## WHAT THIS TASK INVOLVES
What is needed is an exact reproduction of the lines from the one that contains "Chrome Hearts Sweatshirt" through the end of the data, both included and nothing else, with pictures omitted.

## INFORMATION GIVEN
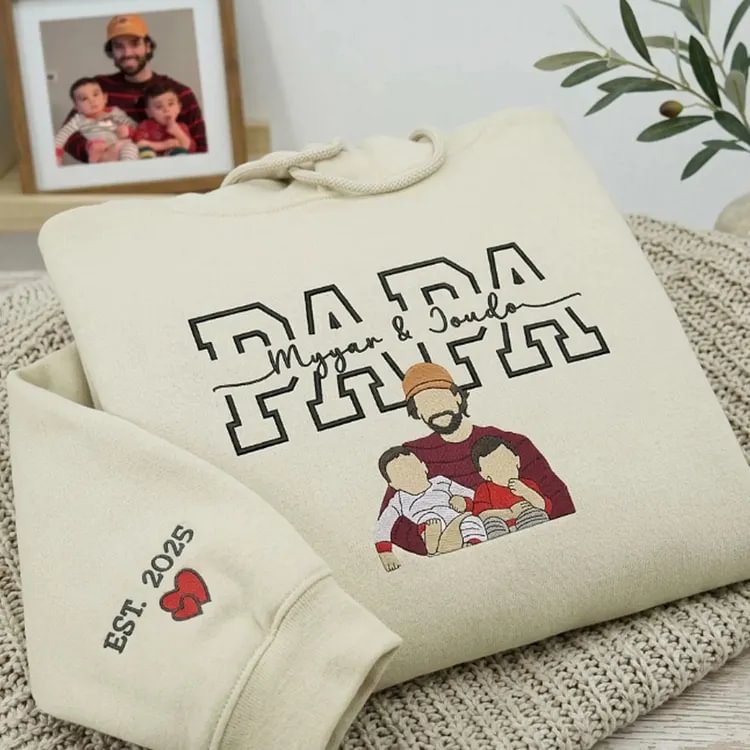 custom-papa-dad-sweatshirt-with-kids-names-portrait-personalized-fathers-day-gift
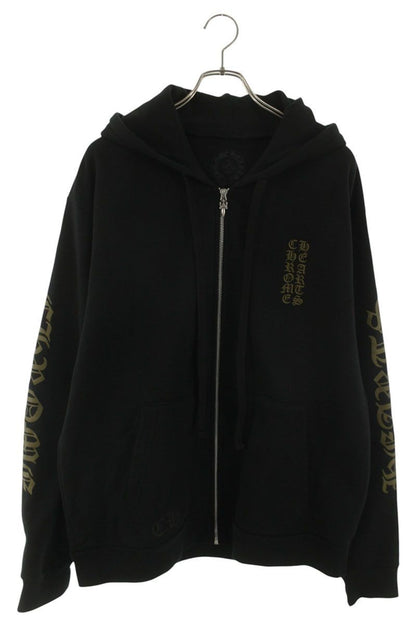 Chrome Hearts Sweatshirt HD Zip Sleeve English Print Daga Zip Hoodie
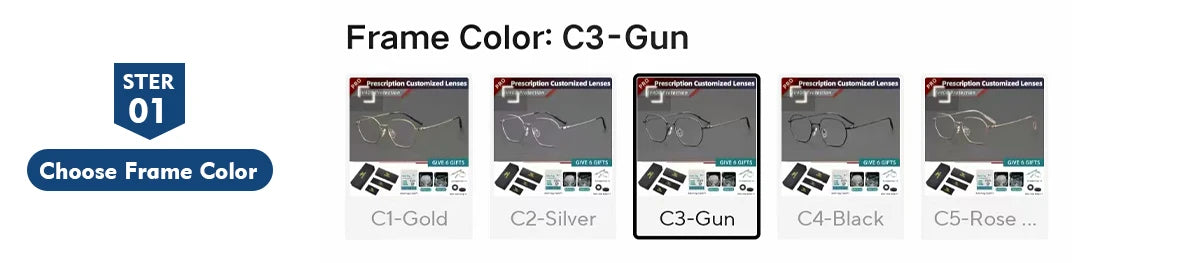 Stylish Photochromic Progressive Glasses for Women | Blue Light Blocking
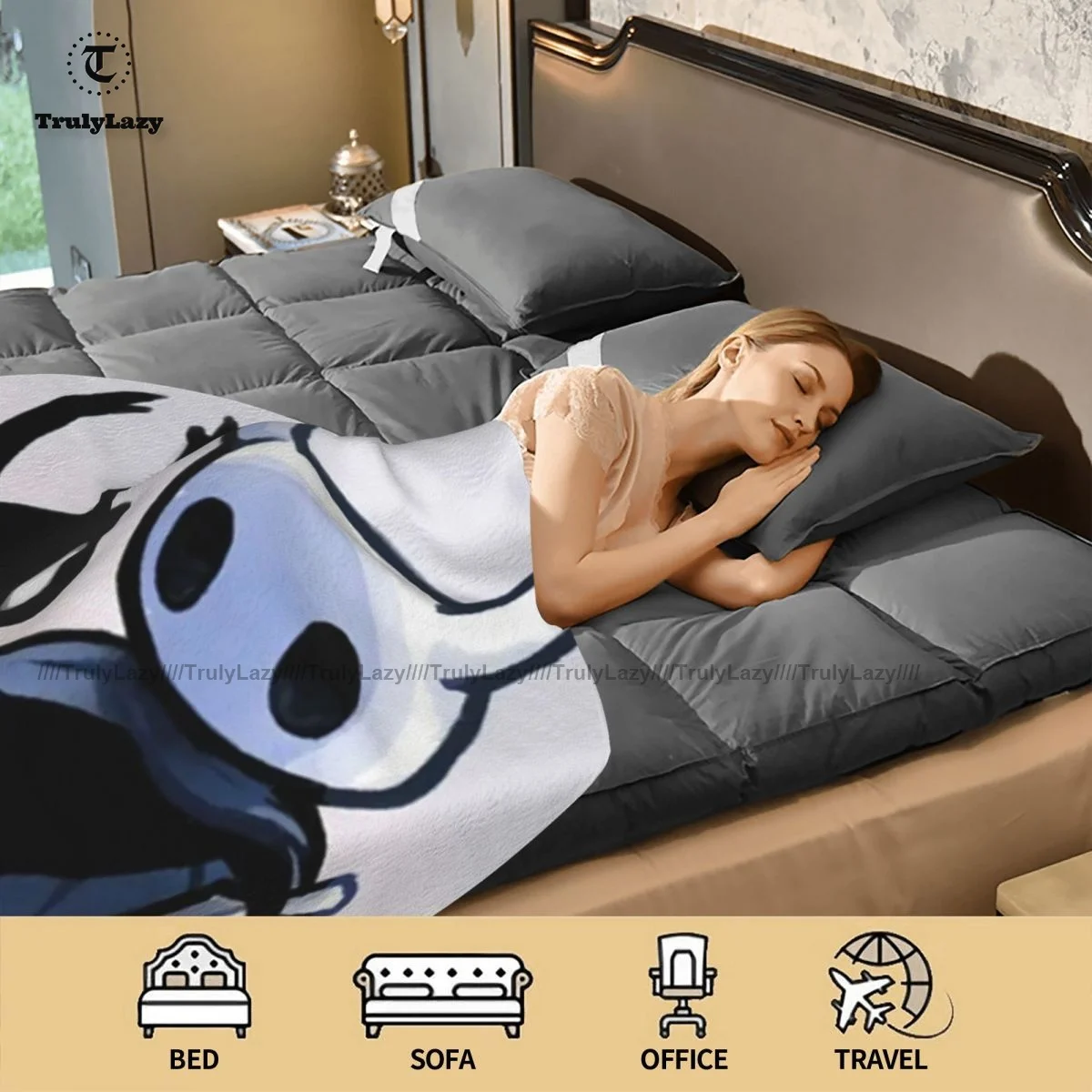 

Hollow Knight Blanket Fleece Chair Round Blanket Soft Cheap Cozy Bedspread
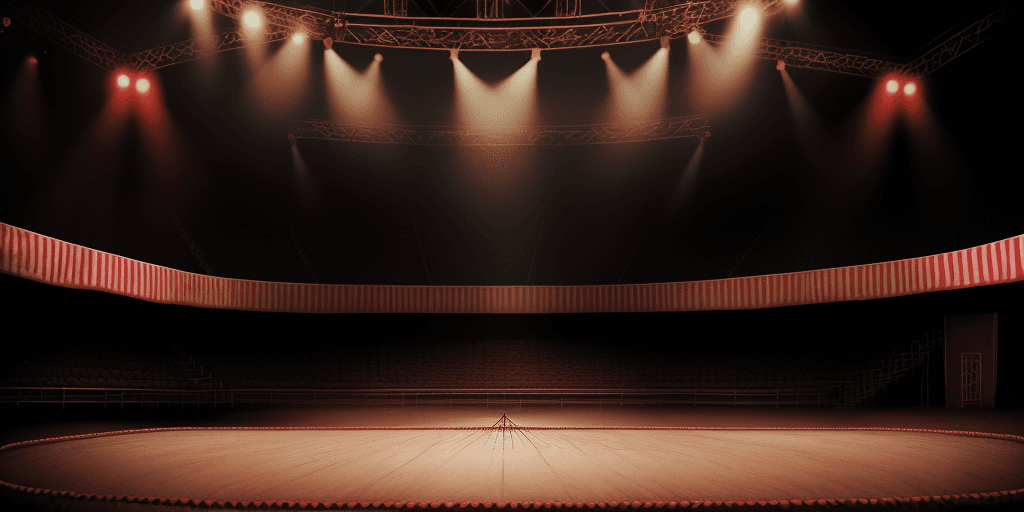 AI generated: empty circus ring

## OUTPUT OF THE TASK
 Chrome Hearts Sweatshirt HD Zip Sleeve English Print Daga Zip Hoodie
 Stylish Photochromic Progressive Glasses for Women | Blue Light Blocking

Hollow Knight Blanket Fleece Chair Round Blanket Soft Cheap Cozy Bedspread
 AI generated: empty circus ring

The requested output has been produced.